6. Airbus A400M Atlas
Another entry into the large cargo plane industry by Airbus, the Atlas is operated by several countries in Europe, including the United Kingdom, France, and Germany, as well as Turkey. In 2019, it was deployed as a tanker to refuel German aircraft involved in the fight against ISIS.
However, the Atlas’ operational history has not been free of problems. In 2015, an Atlas crashed on its initial test flight upon taking off from San Pablo airport, resulting in the death of four Spanish crewmembers. The digital engine control system was not able to read the engine sensors.
The atlas has a crew of three or four, has a weight capacity of 81,600 lbs, can carry 116 paratroopers in a military capacity, is 148 ft long, has a maximum takeoff weight of 310,852 lbs, and has a maximum speed of 552 mph.
7. Lockheed C-5 Galaxy
A little smaller than the Antonov, the Galaxy was developed and released over the late 60s and early 70s. During the Yom Kippur War, Galaxies were used to supply Israel with aid. However, there have also been issues during its operational history, with 169 fatalities resulting from multiple crashes.
One of the most notable things about the Galaxy is the fact that it has been particularly amenable to refits and variations over the course of its decades-long operational history. These refits have often been focused on addressing problems with its wings and adapting it for military transport use.

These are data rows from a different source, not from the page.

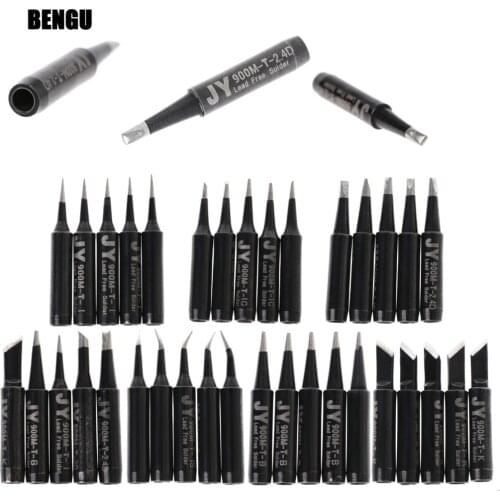 6 Pattern 5 Pcs 900M-T Copper Replacement Bevel Style Soldering Iron Solder Tip Lead-free For Hakko 936/Saike 936 852d+ 909D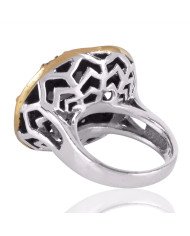 Pink Cubic Zirconia Smoky Quartz and White Cubic Zirconia Gemstone Ring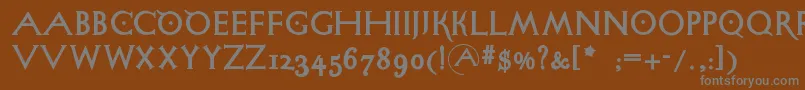 フォントSigismundodifanti – 茶色の背景に灰色の文字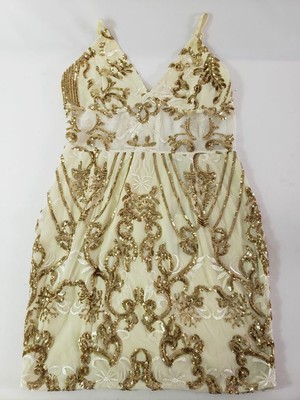 gold sheer strappy panel sequin bodycon dress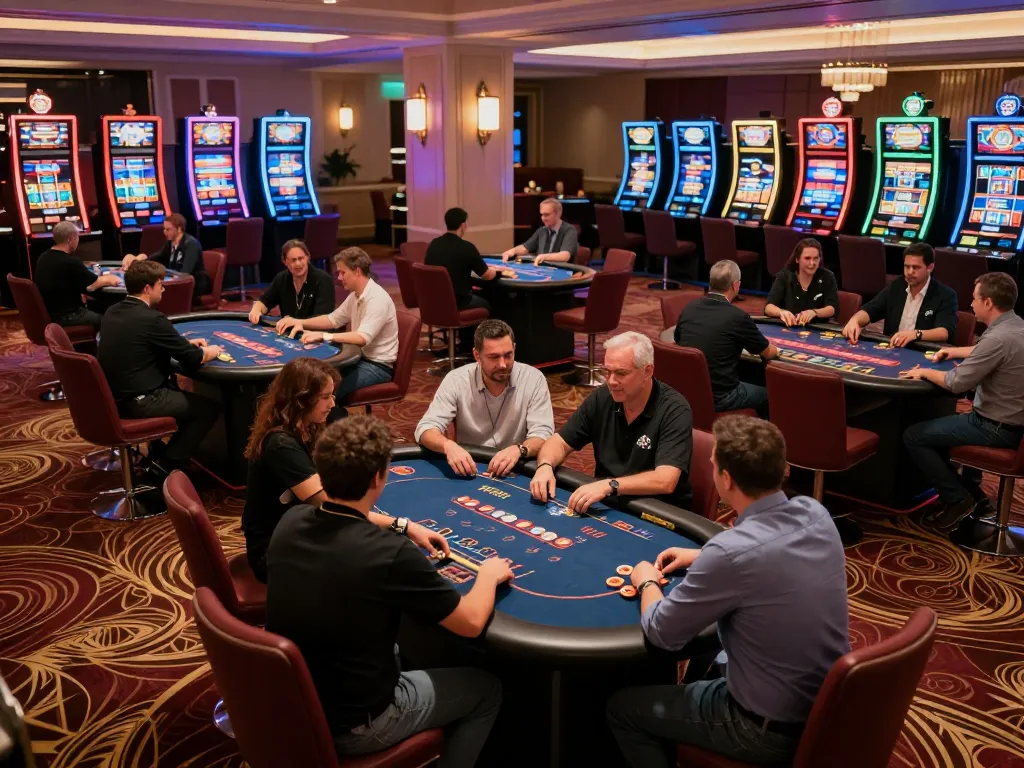 Players enjoying strategic games at a reputable casino, experiencing the thrill of nhà cái uy tín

The Galaxy has a crew of four to seven (made up of a pilot, copilot, flight engineers, and loadmasters), is 247 ft 1 in. long, has a gross weight of 840,000 lbs and maximum takeoff weight of 920,000 lbs, and has a maximum speed of 532 mph.
8. Lockheed Martin C-130J Super Hercules
This model uses a four-engine setup. Over 400 Super Hercules models have been made, and they have been in use by 17 countries. The US Air Force and Marine Corps used the Super Hercules a lot in both Iraq and Afghanistan. NATO used it in the Libyan Civil War.

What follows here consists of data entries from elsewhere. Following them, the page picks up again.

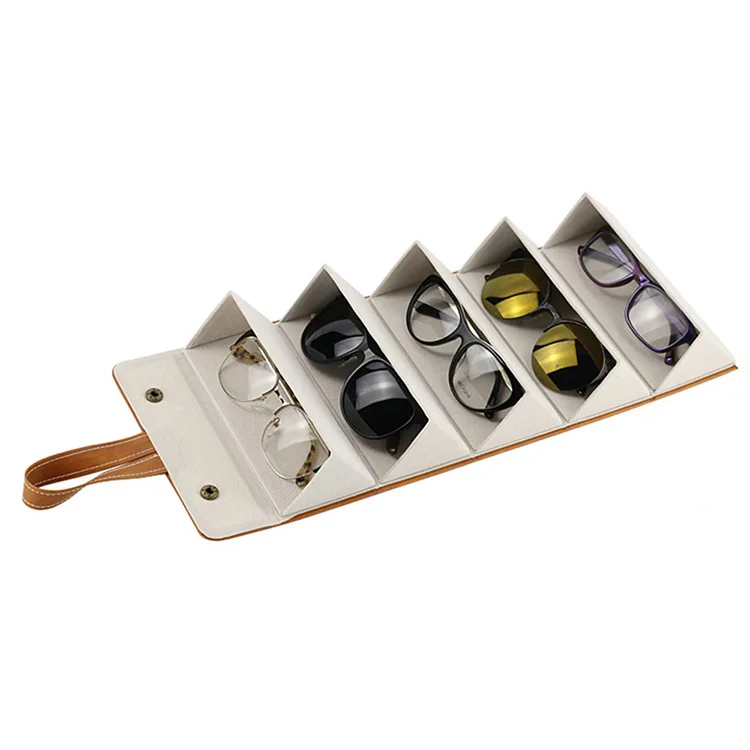 Portable Glasses Case Cover PU Leather 5 Pairs of Sunglasses Holder Box Eyeglasses Storage Box Magnet Switch PU Bag image 4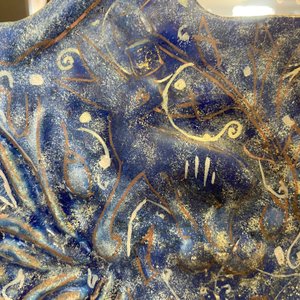 Un carreau ilkhanide moulé en forme d'étoile à fond bleu, Iran, 13/14ème — photo 15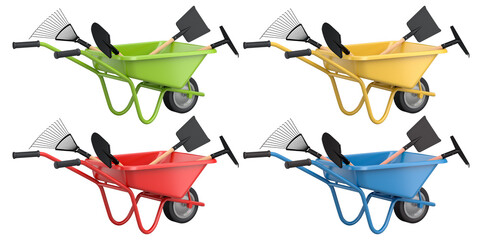 Set of colorful wheelbarrows with garden tools like shovels and rakes, isolated on white background, gardening and landscaping © Vasyl Onyskiv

This model has seen so much use that it has surpassed more than one million hours in the air. The Super Hercules has also been modified for use in firefighting. The 146th Airlift Wing has used it to fight some of the historically huge fires that have ravaged California.

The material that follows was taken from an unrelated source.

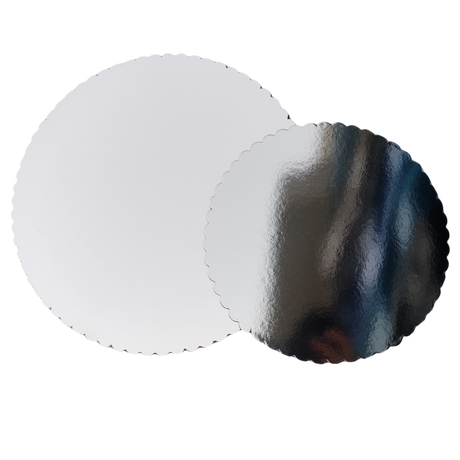 14" Round Silver Cake Board - Laminated Solid Pressboard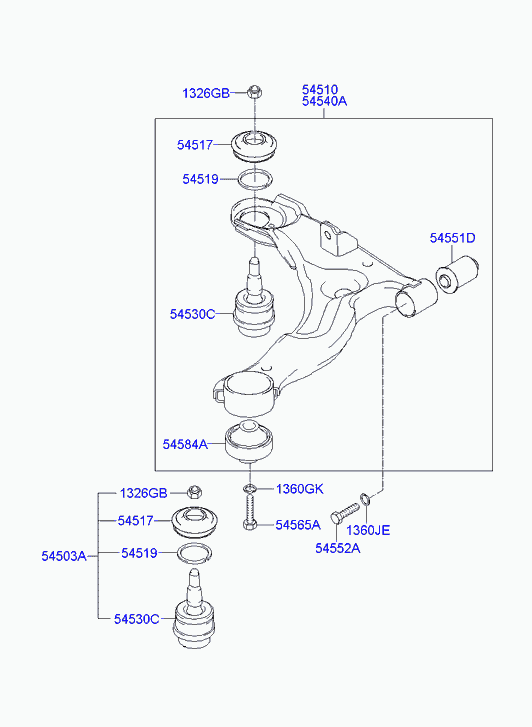 Рычаг передний нижний правый для Хендай Матрикс 2001-2005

The Super Hercules has a crew of three, has a cruising speed of 400 mph, a maximum speed of 417 mph, and when outfitted for military use can carry 92 troops, 64 airborne troops, 2 to 3 Humvees, and 1 Kodiak Light Armored Vehicle.
9. Boeing C-17 Globemaster III
First deployed in 1991, the Globemaster III has seen lots of use over the past three decades, during which time it has broken 13 records, including its payload-to-altitude ratio. Britain’s Royal Air Force Globemaster IIIs alone had amassed 40,000 hours by 2008.
The Globemaster III was deployed for service conveying troops and equipment into Afghanistan and Iraq during US involvement in the region. In 2004, a Globemaster III involved in the transportation of President Bush to New Mexico was so heavy that it cracked the asphalt, damaging the runway.
The Globemaster III has a crew of three, is 174 ft long, has a maximum speed of 670 mph, has a carrying capacity of 170,900 lbs, and in terms of military carrying capacity can carry 134 troops or 102 paratroopers, and vehicles such as 1 M1 Abrams tank or 3 Strykers.
10. Boeing 747 Dreamlifter
Several of the biggest cargo planes over the years have been variations on the ever-versatile Boeing 747, and this is a perfect example of one. There are four of these Dreamlifters in existence, all of which are conversions of existing 747s. Boeing completed all four Dreamlifters by 2010.
These Dreamlifters have been active as of late, with a Dreamlifter carrying 500,000 masks landing at Salt Lake City International Airport in July 2020 as part of Utah’s efforts to combat the virus. Causes such as this demonstrate how large cargo planes can provide a boost to humanitarian efforts.
The four converted Dreamlifters are piloted by as few as two. They are 235 ft 2 in. long, a wingspan of 211 ft 5 in., 545 mph, and a maximum weight capacity of 803,001 lbs.